International bodies like the United Nations and organizations such as Amnesty International have repeatedly expressed concern over India’s human rights record in the region. A 2022 report by the UN High Commissioner for Human Rights detailed the excessive use of force by Indian security forces in Kashmir, including arbitrary detentions, enforced disappearances, and use of pellet guns against civilians. These violations go beyond politics. They reflect a state apparatus that views its Muslim-majority region as a problem to be controlled, not a population to be served.
When viewed in this broader context, India’s growing hostility-manifested in moves like suspending the Indus Waters Treaty-appears less about policy and more about ideology. It becomes evident that India does not see Pakistan as just a neighboring state but as the continuation of the Muslim identity that it has failed to reconcile with since Partition. This makes it easier for India to frame Pakistan as an enemy, fabricate allegations, and take aggressive steps without accountability.

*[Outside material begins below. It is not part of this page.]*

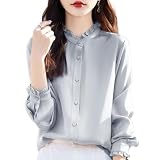 [Vasarhely] シャツ ブラウス レディース シフォン 上品 体型カバー 着痩せ 長袖 おしゃれ 女性らしい 大人 優しい 魅力 カジュアル フォマール 通勤 トップス 春 夏 秋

Moreover, India’s media plays a critical role in reinforcing this narrative. Within hours of any unrest or attack, television channels begin broadcasting inflammatory content, often without verified facts, feeding public outrage and justifying government action. The same cycle has repeated itself after the Pahalgam attack. Before any formal investigation, fingers were pointed at Pakistan, paving the way for retaliatory measures like water threats or airspace restrictions.

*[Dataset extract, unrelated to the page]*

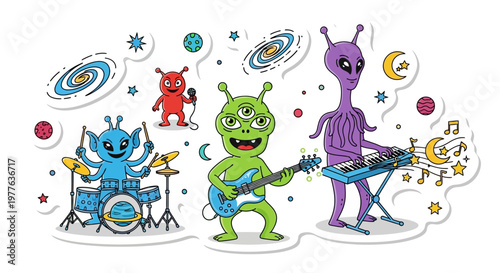 Funny Aliens Band Playing Music in Space, Cartoon Style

Such policies and practices are not the actions of a state committed to democratic values or regional peace. Rather, they are the manifestations of a nation still unable to accept coexistence with Muslims as equals. In this light, the decision to threaten the Indus Waters Treaty is not just a diplomatic maneuver-it is a symbolic assertion of dominance rooted in religious and ethnic exclusion. It sends a message that agreements, cooperation, and peace can all be sacrificed at the altar of ideology.

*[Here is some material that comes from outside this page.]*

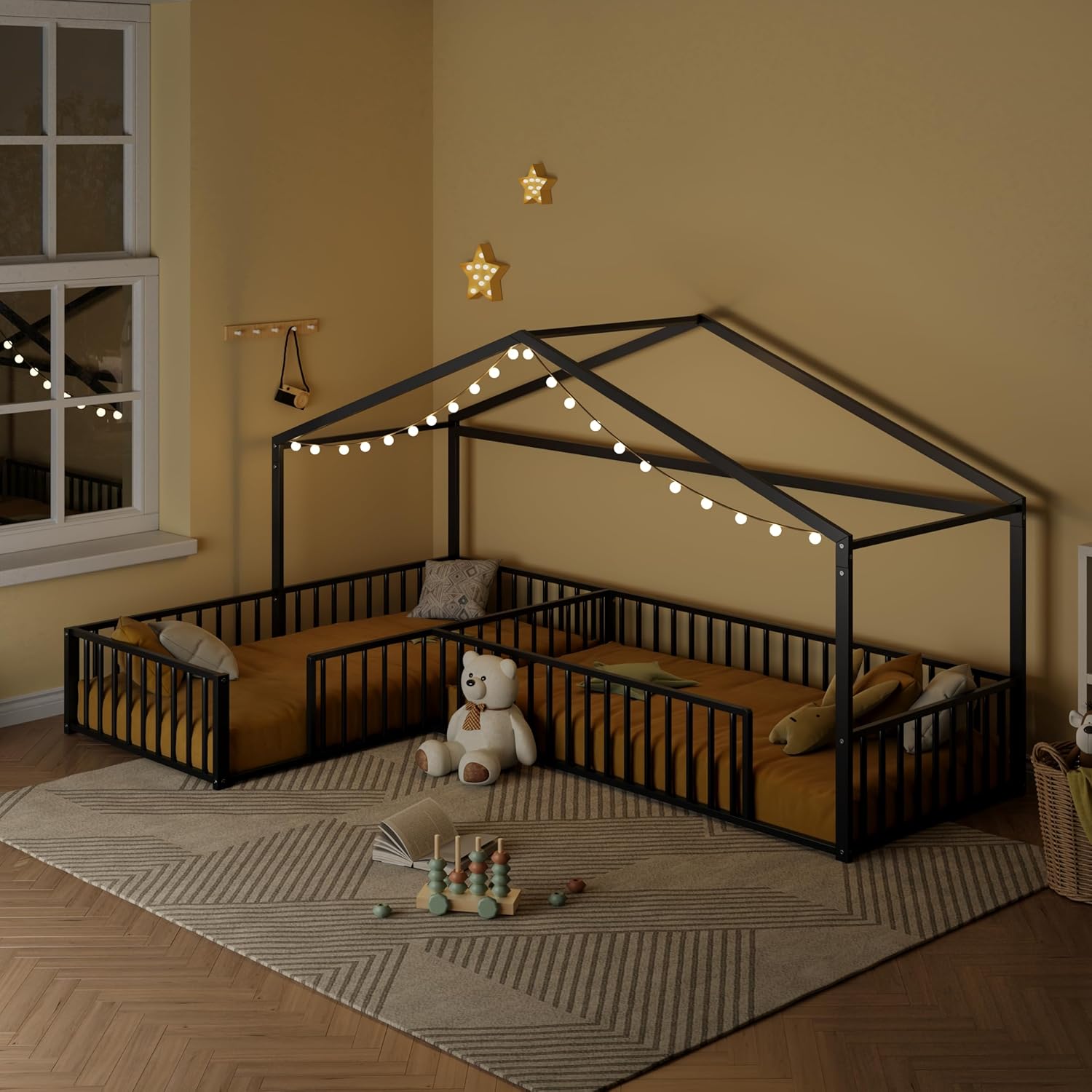 Double Twin Bed Frames for Kids, Metal House L Shaped Floor Bed with Fence, Corner Montessori Bed with Without Slats Black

Therefore, the notion that Hindus and Muslims could ever truly form a united, harmonious nation is increasingly difficult to defend. Every unilateral action, every human rights violation in Kashmir, every false flag narrative, and every suspension of diplomacy serves as a painful reminder of why the Two-Nation Theory was necessary-and why it remains relevant today. It is not Pakistan that is reaffirming this theory. It is India, through its actions and policies, that continues to demonstrate that the idea of a shared homeland was always a myth, and that separation was not just inevitable-it was essential.
In a region already fragile with nuclear stakes and water scarcity, India’s reckless behavior threatens not just bilateral relations but also regional stability. The world must not ignore these signs. Peace, after all, is not built on threats and coercion. It is built on trust, respect, and justice-principles that India, time and again, seems willing to abandon.